Read The Third Day, The Frost Online
Authors: John Marsden
‘What’s it matter to you anyway?’ I screamed.
‘You disgusting filthy heap of shit! What are you helping them for?
You’re a traitor. At least we tried. At least we did the best we
could. I don’t care if I do die, I’d rather be dead than end up a
complete and utter arsehole like you.’ I was standing and
screaming, aware that little flecks of spit were flying out of my
mouth and hitting his red shocked face. Not that I cared about
that. Then the guards were in the room, grabbing me and throwing me
onto the floor.
Soon after that I was marched back to my cell.

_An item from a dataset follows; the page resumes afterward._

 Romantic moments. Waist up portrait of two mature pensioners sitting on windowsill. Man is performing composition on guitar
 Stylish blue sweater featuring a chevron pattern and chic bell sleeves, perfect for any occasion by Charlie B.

It was dawn, and great grey clouds were being lit by a stormy grey
light. I walked along with my head back, my eyes as wide as I could
make them, marvelling at the vastness and wildness of it all. I
didn’t know how many more skies I would see. In my cell, there was
no trace of nature at all, so this couple of minutes was very
precious, something to be thought about and relived for hours to
come. All my life I’d been surrounded by sky and earth and trees
and to be cut off from them now, to be cut off so suddenly and
completely, was very hard.
The Slaters had a Japanese lady visit them a
couple of years back. She was about twenty-three, twenty-four. She
told them that until her trip out to Australia she’d never seen the
horizon. Twenty-three years old and she’d never seen the horizon!

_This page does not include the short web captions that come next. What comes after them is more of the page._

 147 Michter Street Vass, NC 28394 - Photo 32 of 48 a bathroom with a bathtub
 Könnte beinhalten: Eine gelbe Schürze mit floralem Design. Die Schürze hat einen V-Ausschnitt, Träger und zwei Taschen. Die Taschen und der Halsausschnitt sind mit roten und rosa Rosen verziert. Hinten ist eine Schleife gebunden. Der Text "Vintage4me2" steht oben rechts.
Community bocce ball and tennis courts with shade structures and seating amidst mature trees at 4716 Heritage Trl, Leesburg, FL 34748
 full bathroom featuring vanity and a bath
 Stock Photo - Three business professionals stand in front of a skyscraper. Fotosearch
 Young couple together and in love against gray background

It was a modern-day horror story. I’d realised then how lucky I
was.
Chapter
Twenty-five
I sat in my cell in a state of expectation,
waiting for the next summons to Major Harvey. I was all tensed up,
unable to sleep, though I felt unbearably exhausted. Breakfast came
and I ate it and then made myself go through the exercises that I’d
decided on the day before. But already, less than twenty-four hours
after making those resolutions, I found myself struggling to keep
them.
All day I waited for the summons and all day
it failed to come. Around midafternoon I dozed off at the desk, my
head on my arms. When I woke, my head felt heavy and achey, and my
left leg had gone numb. I felt worse instead of better.

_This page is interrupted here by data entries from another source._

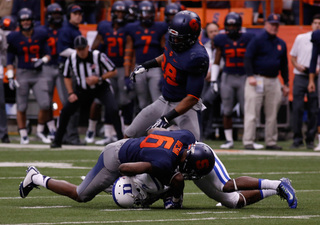 Desir makes a tackle on a Duke player. 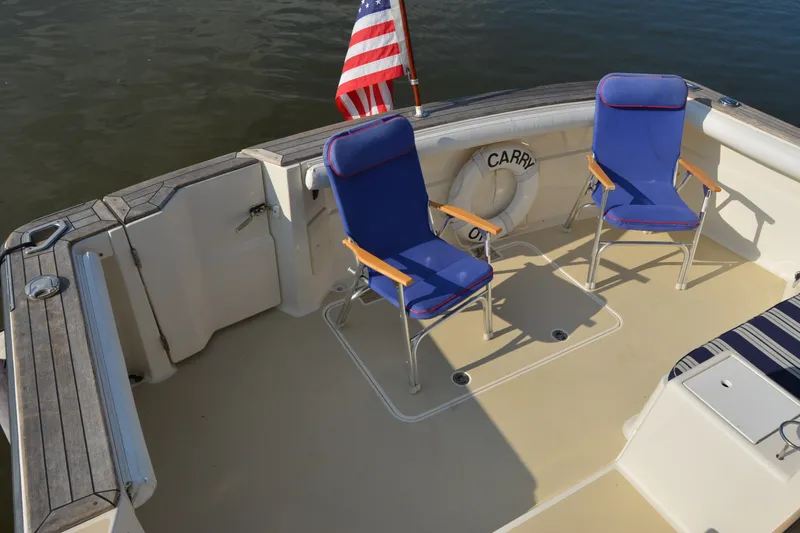 Slide: The Image of 2005 Sabre 38 Express boat deck with blue chairs and American flag. - 18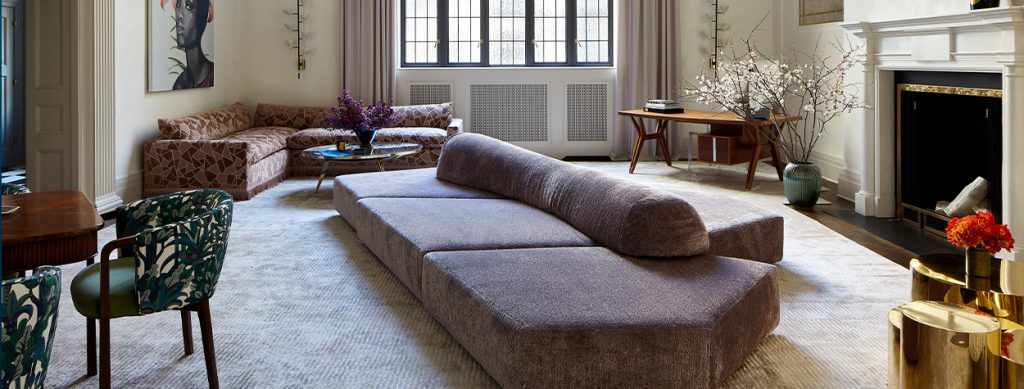 A modern living room featuring a large, plush, dark gray sofa with a cylindrical cushion, set against a backdrop of tall windows with natural light streaming in, soft curtains, and classic radiator covers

Tea arrived, brought on the tray by the same
group of three women. I was starting to notice the different guards
now. The one who carried the tray each time was the shortest of the
three. She was a plain-looking dumpy woman with a flat face and
sparse black hair. She looked about forty. Her uniform was the
least adorned of any of the guards; no stripes, and only one small
badge sewn to the left shoulder, so I suppose she was pretty junior
in rank. Despite her plain looks she had a kind face. I thought
that in her own country she was probably a cleaner or a maid, the
same job that she was doing here, except that now she was in
uniform. The two women at the door, with guns drawn, were younger
and slimmer. They looked like sisters. One seemed nervous, as
though she thought I might attack her at any moment. The other, the
officer, was more confident, more relaxed. She always watched me
with interest, like she was curious about me.
So this time, when the woman put the tray
down, I tried making a joke. I was already desperate for human
company, for warmth, for friendship. I didn’t want to be their
enemy. I waved at the tray and said, ‘What is it this time, a Big
Mac?’ The woman carrying the tray looked startled, then gave a
little smile and shook her head. ‘No, no, no Big Mac,’ she said.
The officer laughed out loud. The other one just looked even more
nervous, as though making a joke was really, a kind of attack. They
went out again, shutting the door, but I felt encouraged by my
first attempt to be friendly, warmed by that moment when we’d
laughed together. I ate my tea in a slightly better spirit.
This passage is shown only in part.